::: DATA FOR PROCESSING

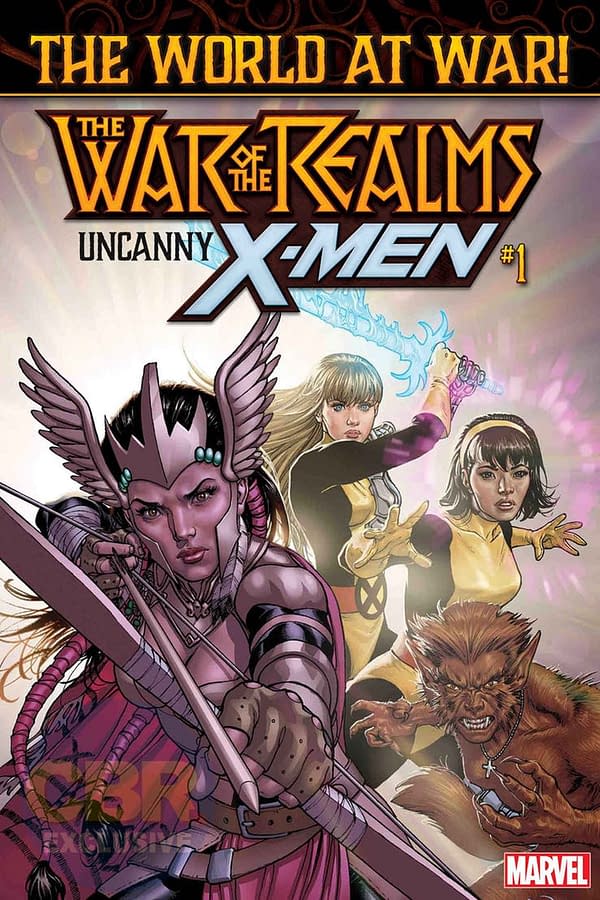 Marvel to Remember Dani Moonstar Exists for War of the Realms Uncanny X-Men Spinoff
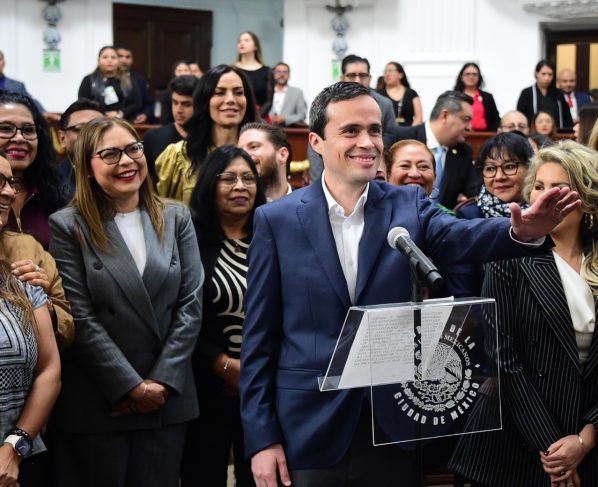 ¡Ya apareció Jorge Armando Rocha, director del Canal del Congreso!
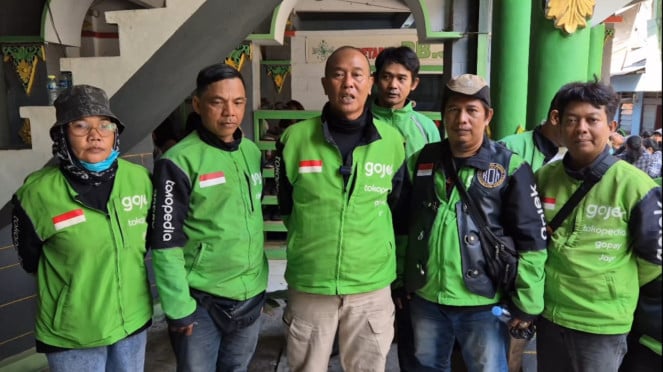Driver Ojol bertemu Wapres Gibran, GoTo Pastikan Perwakilan Adalah Mitra Aktif, Grab: Mitra yang Hadir Adalah Asli, Maxim: Mitra Resmi dan Terdaftar, inDrive: Pengemudi Aktif Sejak 2020, Dialog di Istana Wapres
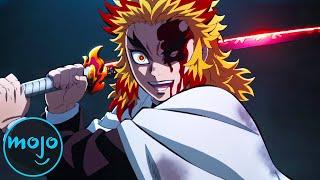 Top 10 Demon Slayer: Mugen Train Moments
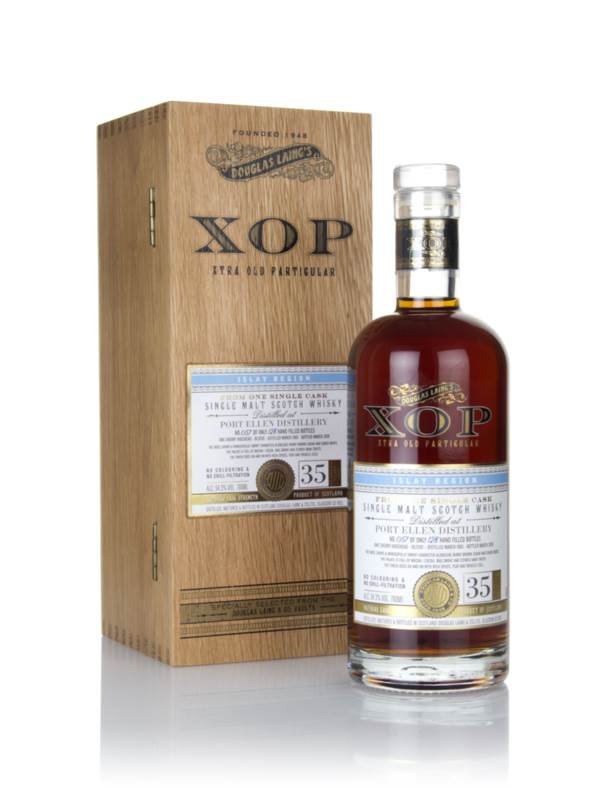 Port Ellen 35 Year Old 1983 (cask 13101) - Xtra Old Patricular (Douglas Laing) product image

::::::

### WHAT THE EXERCISE ASKS:
All lines from the one containing "Top 10 Demon Slayer: Mugen Train Moments" through the final line of the entries above are to be copied exactly; the pictures are not.

### RESPONSE:
 Top 10 Demon Slayer: Mugen Train Moments
 Port Ellen 35 Year Old 1983 (cask 13101) - Xtra Old Patricular (Douglas Laing) product image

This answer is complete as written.